Only the lines from the start of the data to the line containing "Snapshot of neomi_hardcock", both included, should be output, exactly and without pictures.

═══

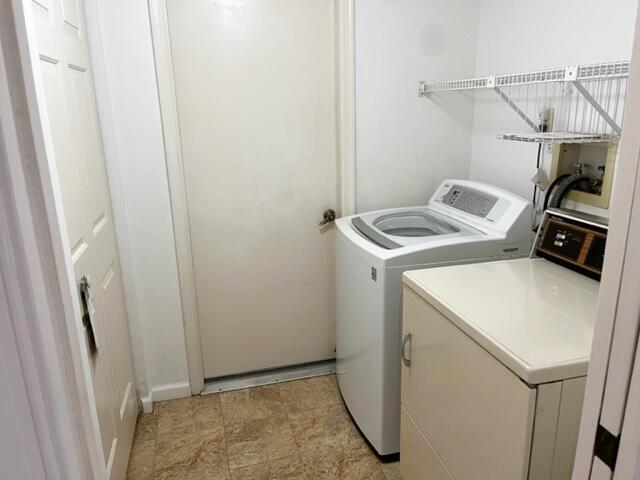 5520 Coach House Circle, Unit A Boca Raton, FL 33486 - Photo 84 of 101 Laundry rm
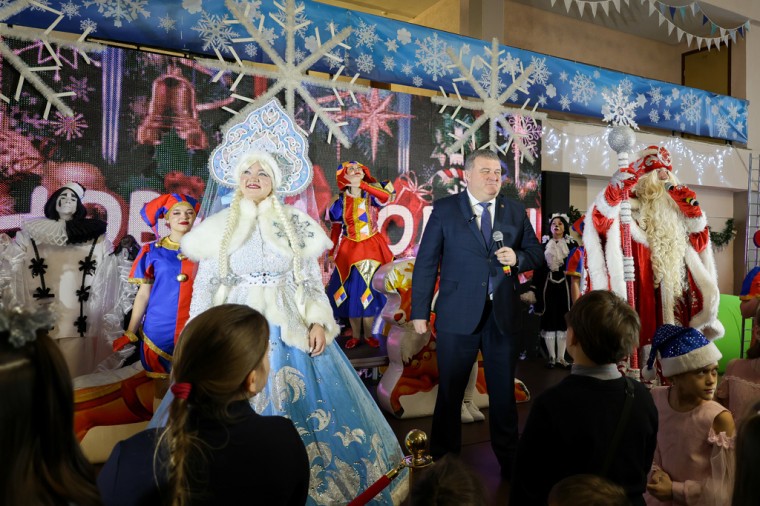 Илья Беспалов открыл елку главы администрации города Тулы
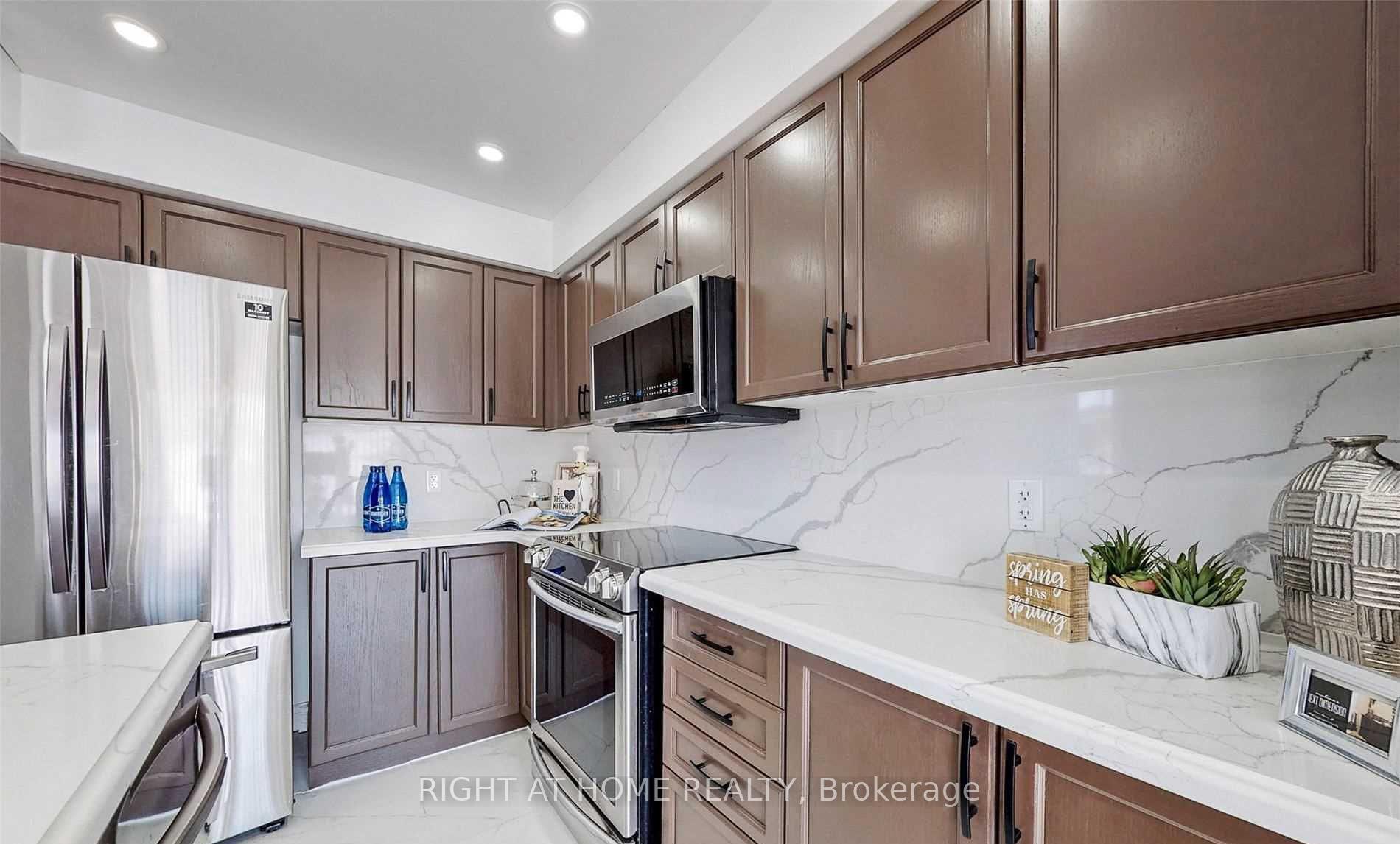 Photo 10 of 34 Dykstra Lane, Clarington, Bowmanville — HOMEH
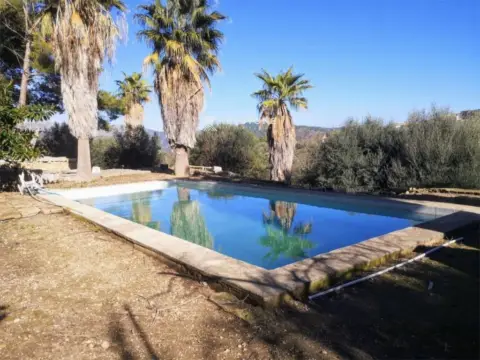 Casa pareada en Campanet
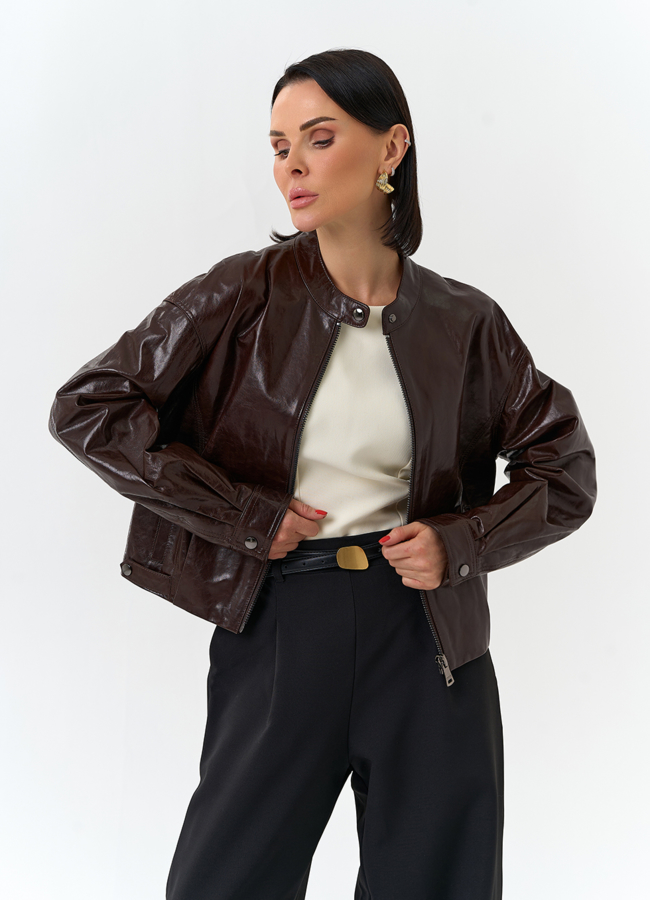 фото Женская короткая куртка из натуральной кожи модель № 32529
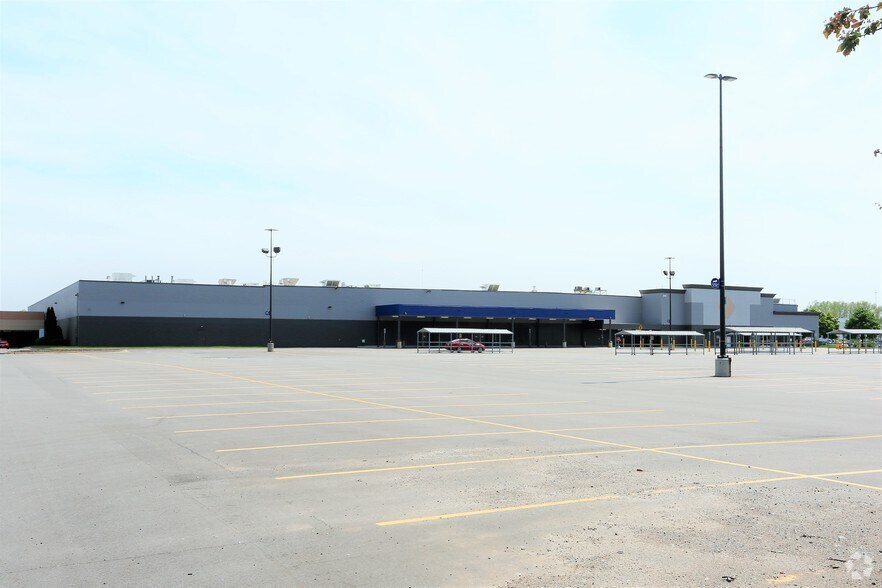 340 E Edgewood Blvd, Lansing, MI à louer - Photo du bâtiment - Image 3 de 12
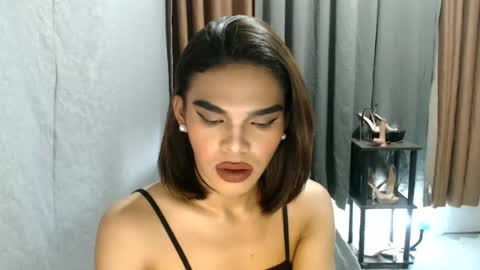 Snapshot of neomi_hardcock chatting on May 13, 2026, 4:59 pm neomi online show from May 13, 2026, 4:59 pm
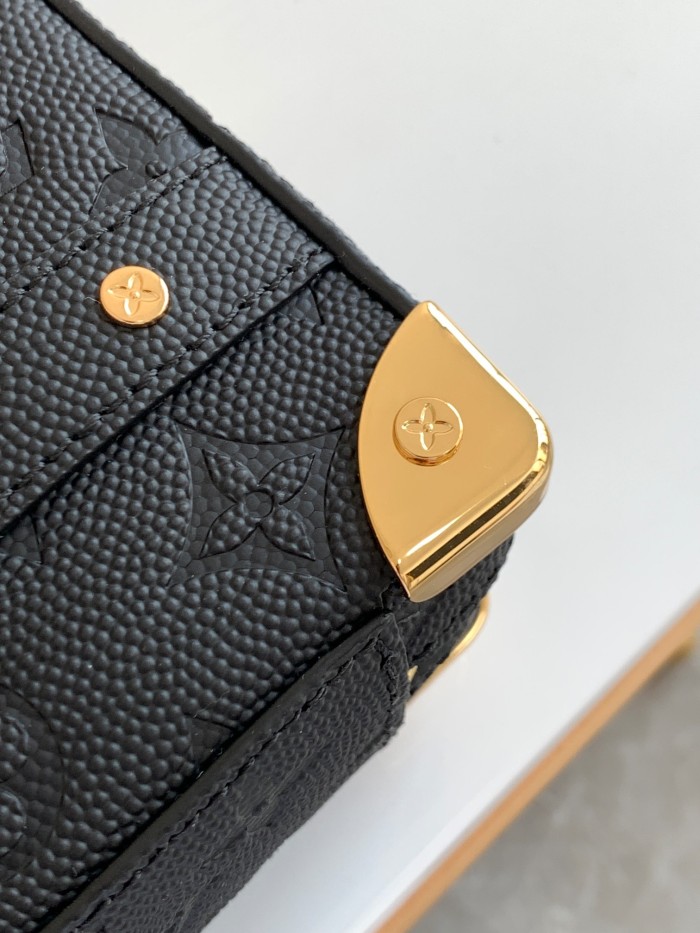 Handbag Louis Vuitton M57971 size 21.5 x 15 x 7 cm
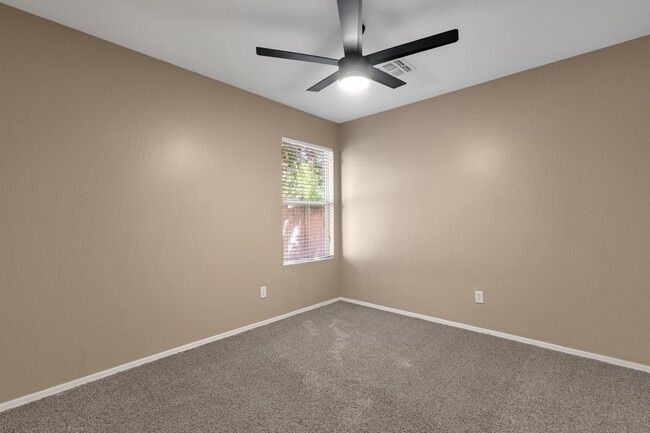 Building Photo - 647 W Fremont Dr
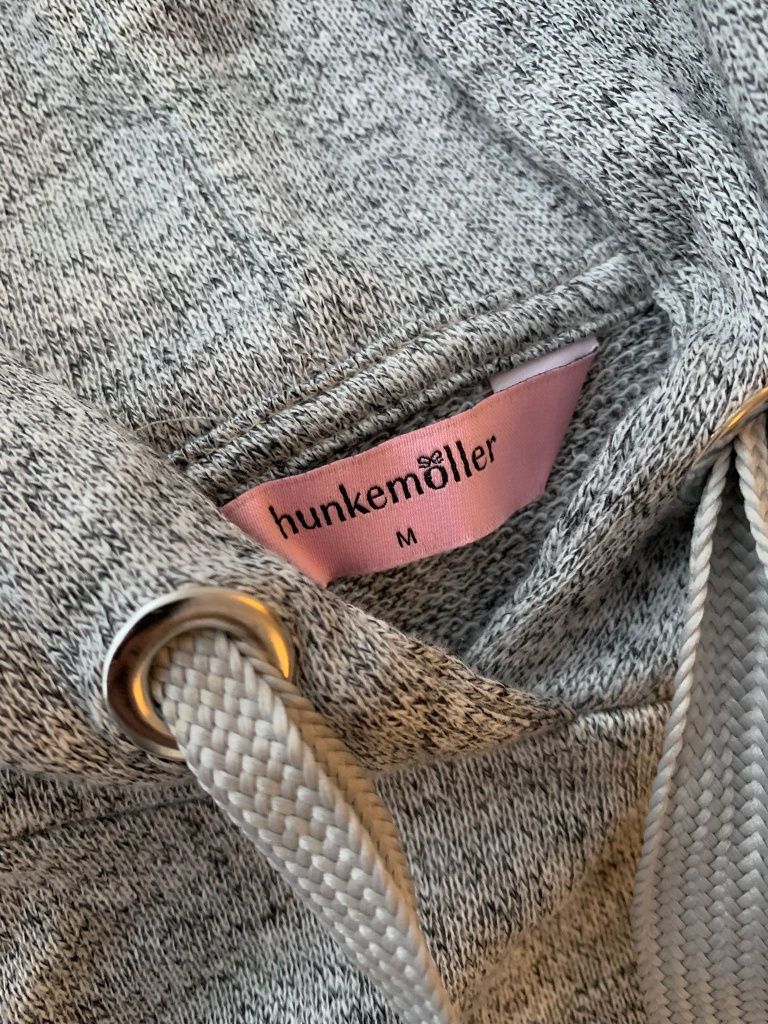 Vând trening hunnkemoller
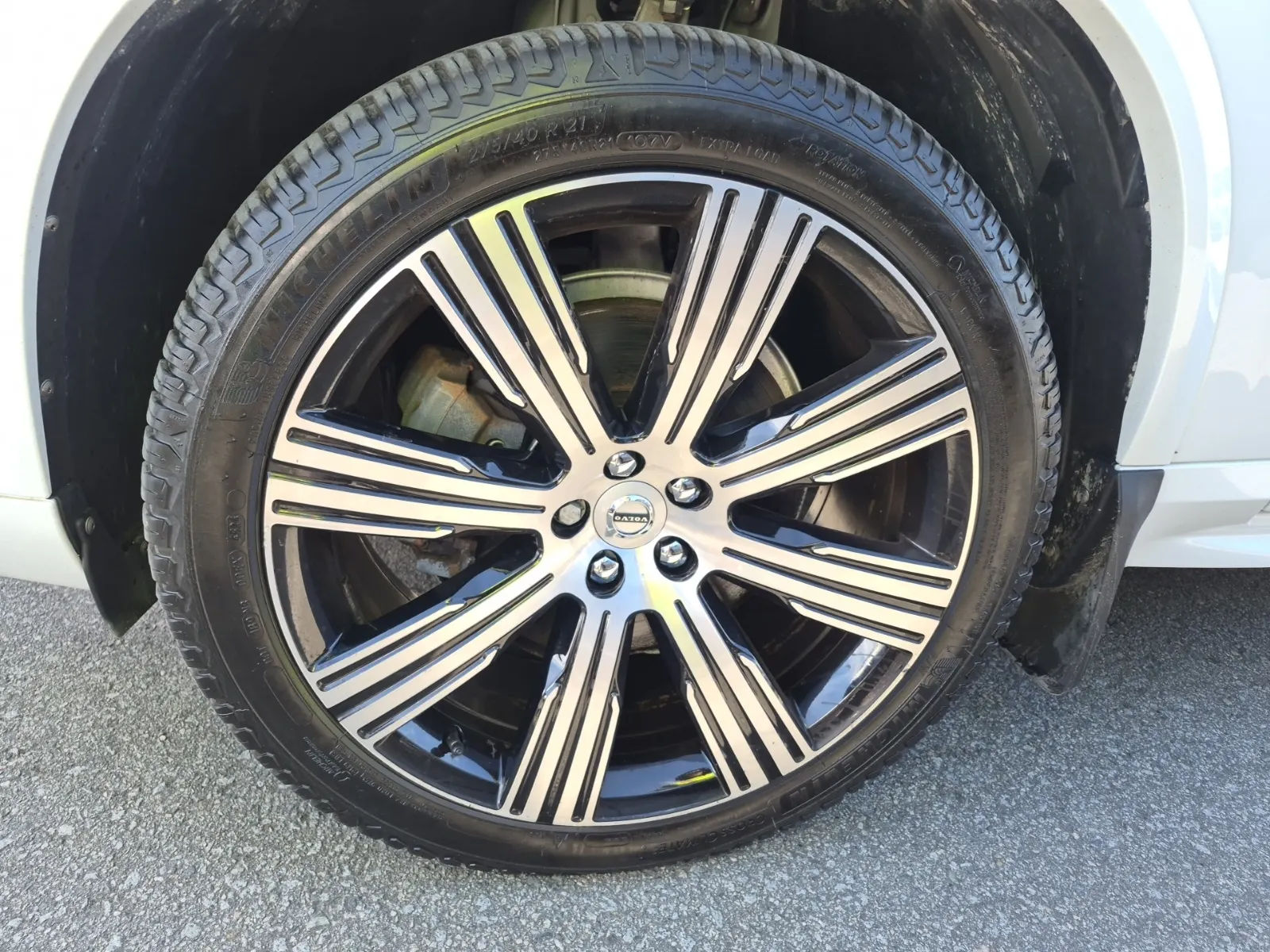 Front driver wheel/tire photo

═══

Response for this exercise:
 5520 Coach House Circle, Unit A Boca Raton, FL 33486 - Photo 84 of 101 Laundry rm
 Илья Беспалов открыл елку главы администрации города Тулы
 Photo 10 of 34 Dykstra Lane, Clarington, Bowmanville — HOMEH
 Casa pareada en Campanet
 фото Женская короткая куртка из натуральной кожи модель № 32529
 340 E Edgewood Blvd, Lansing, MI à louer - Photo du bâtiment - Image 3 de 12
 Snapshot of neomi_hardcock chatting on May 13, 2026, 4:59 pm neomi online show from May 13, 2026, 4:59 pm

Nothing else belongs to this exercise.